— INSTRUCTIONS FOR THE TASK —
Setting aside any pictures, reproduce the data exactly.

— DATASET CONTENT —

______________________________

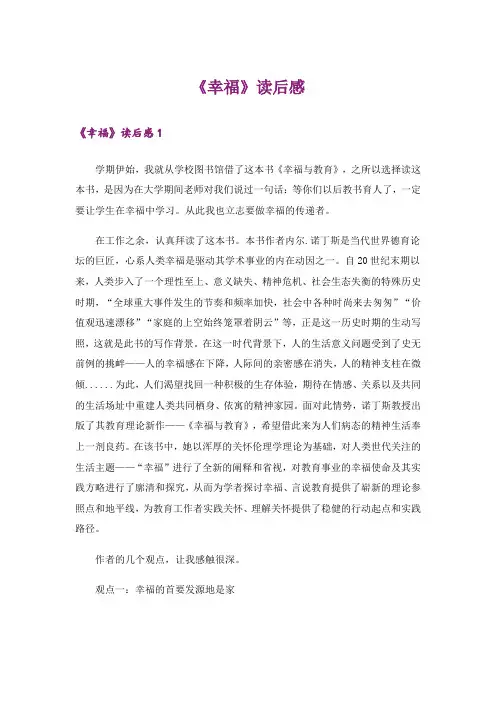 《幸福》读后感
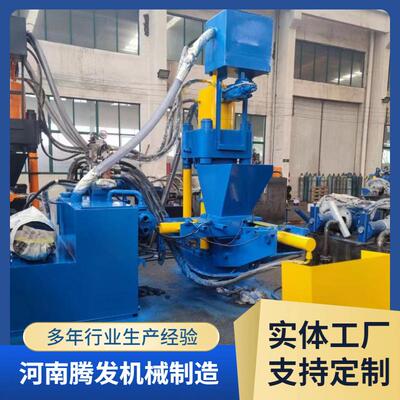 铸铝厂金属废屑压缩机铁矿粉回炉冶炼压饼机金属颗粒粉末压块设备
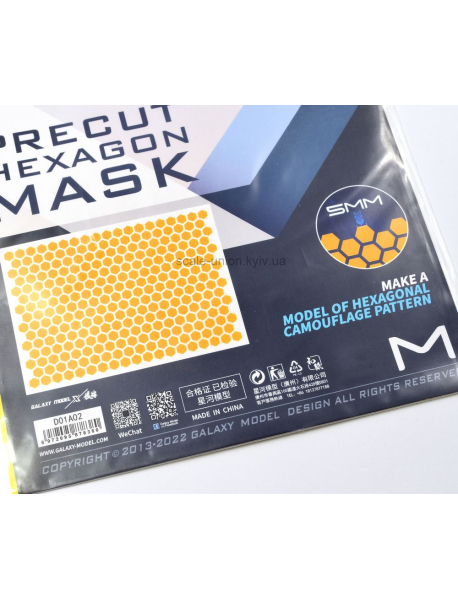 Galaxy Model D01A02 Маска камуфляжная HEX Camo Mask M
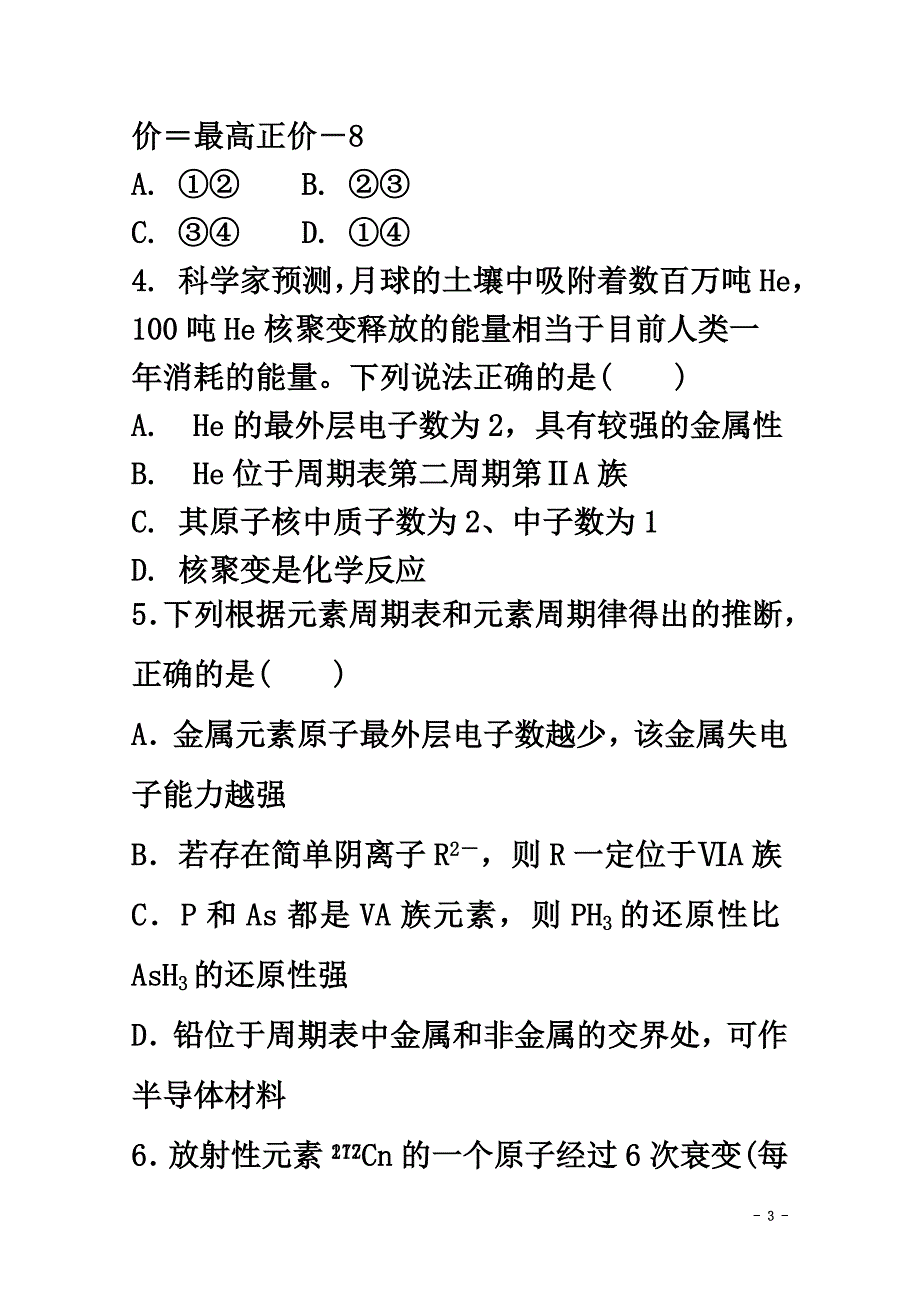 陕西省黄陵中学高新部2021学年高一化学4月月考试题_第3页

______________________________

— SOLUTION FOR THIS PROBLEM —
 《幸福》读后感
 铸铝厂金属废屑压缩机铁矿粉回炉冶炼压饼机金属颗粒粉末压块设备
 Galaxy Model D01A02 Маска камуфляжная HEX Camo Mask M
 陕西省黄陵中学高新部2021学年高一化学4月月考试题_第3页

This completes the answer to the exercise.